However, the ε′ was decreased by increasing PEG viscosity. The amount of change in the dielectric constant of the sample with PEG1000 depending on the average secondary particle area of BT filler was 1.06 times higher than that of the sample with PEG2000 and 1.16 times higher than that of the sample with PEG20000. This means the ε' was affected by the viscosity of the dispersant. On comparing the volume fractions of BT powder in the samples with and without PEG1000, the S of BT particles of the 10vol.%

and 20vol.% BT samples were found to be the same, while the number of self-assembled BT secondary particle groups was increased by adding BT powder.

Fig. 2-43 presents the results for PEG viscosity and S of the BT particles of the BT / PVDF composites with 10vol.% BT powder.

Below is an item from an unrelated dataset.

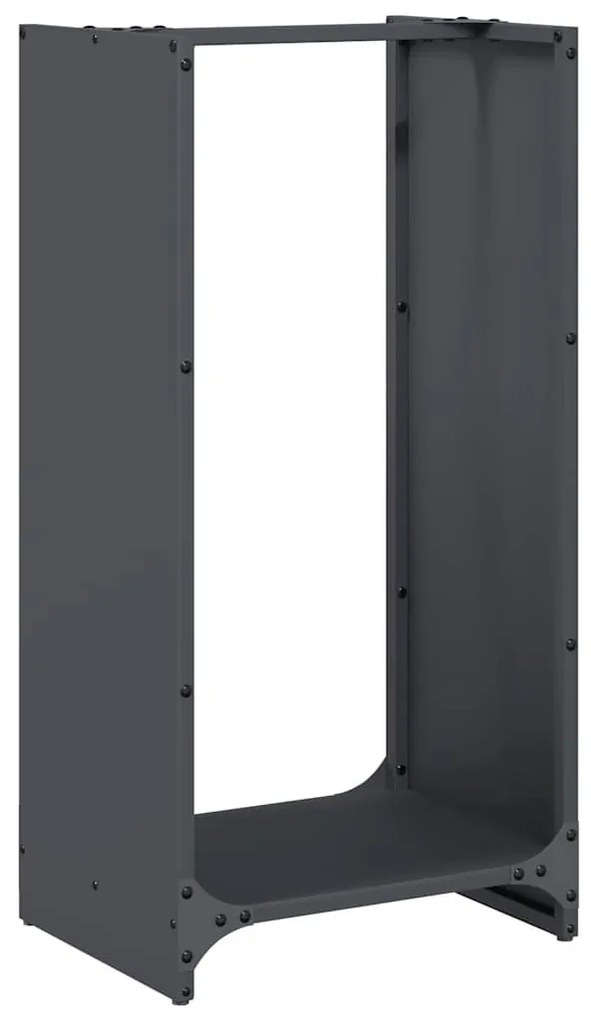 vidaXL antracitszürke hidegen hengerelt acél tűzifatároló 40x30x80 cm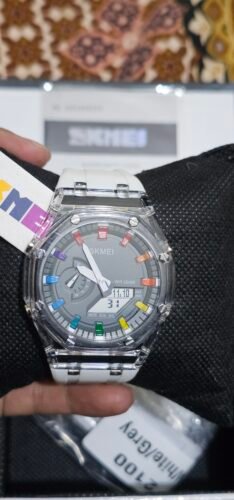 Skmei - 2100 - World Time 50m Waterproof - White/Grey photo review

In the sample without PEG1000, the viscosity of the dispersant was set to 0. The formation of BT secondary particle groups was promoted with an increase in PEG viscosity, as shown in Fig. 2-43. Comparing the average secondary particle area of the sample with PEG1000 and PEG20000, the S of the sample with PEG20000 was 1.14 times larger than that of the sample with PEG1000.

The self-organization processes in a non-equilibrium chemical system have been studied in a solution system described by the Belousov–Zhabotinsky reaction [30]. The self-organization process is observed in the reaction–diffusion system, which is assumed to occur due to a competitive reaction between an inhibitor and a promoter within the diffusion process. The reaction can be described by the following equation:

𝜕𝑣 𝜕𝑡⁄ = 𝑢 − 𝑣 + 𝐷_𝑣∇²𝑣 (2-22)

where u is the active term, v is the inhibitive term, and Dv is the diffusion coefficient.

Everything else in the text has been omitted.